*** Opening of EXTRACTED RECORDS ***

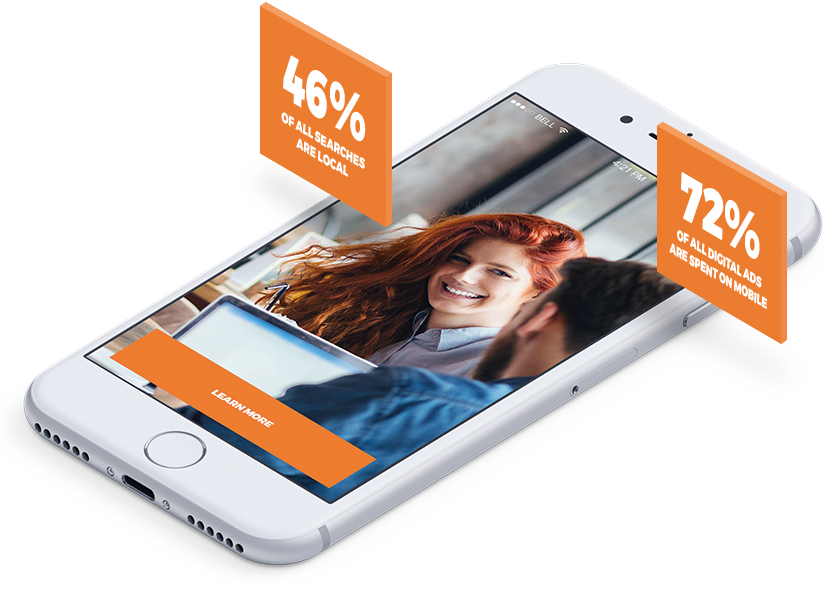 Online Advertising in Denver Co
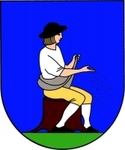 horni-ujezd horni-ujezd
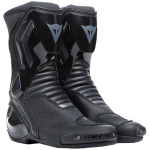 Dainese Nexus 2 Air Boots - Black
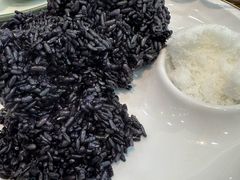 -紫藤园·天目湖大鱼头(南山竹海店)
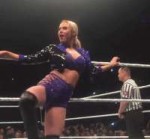 Lana.gif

*** Close of EXTRACTED RECORDS ***

The entries should be printed again exactly as written, leaving all pictures out.

 Online Advertising in Denver Co
 horni-ujezd horni-ujezd
 Dainese Nexus 2 Air Boots - Black
 -紫藤园·天目湖大鱼头(南山竹海店)
 Lana.gif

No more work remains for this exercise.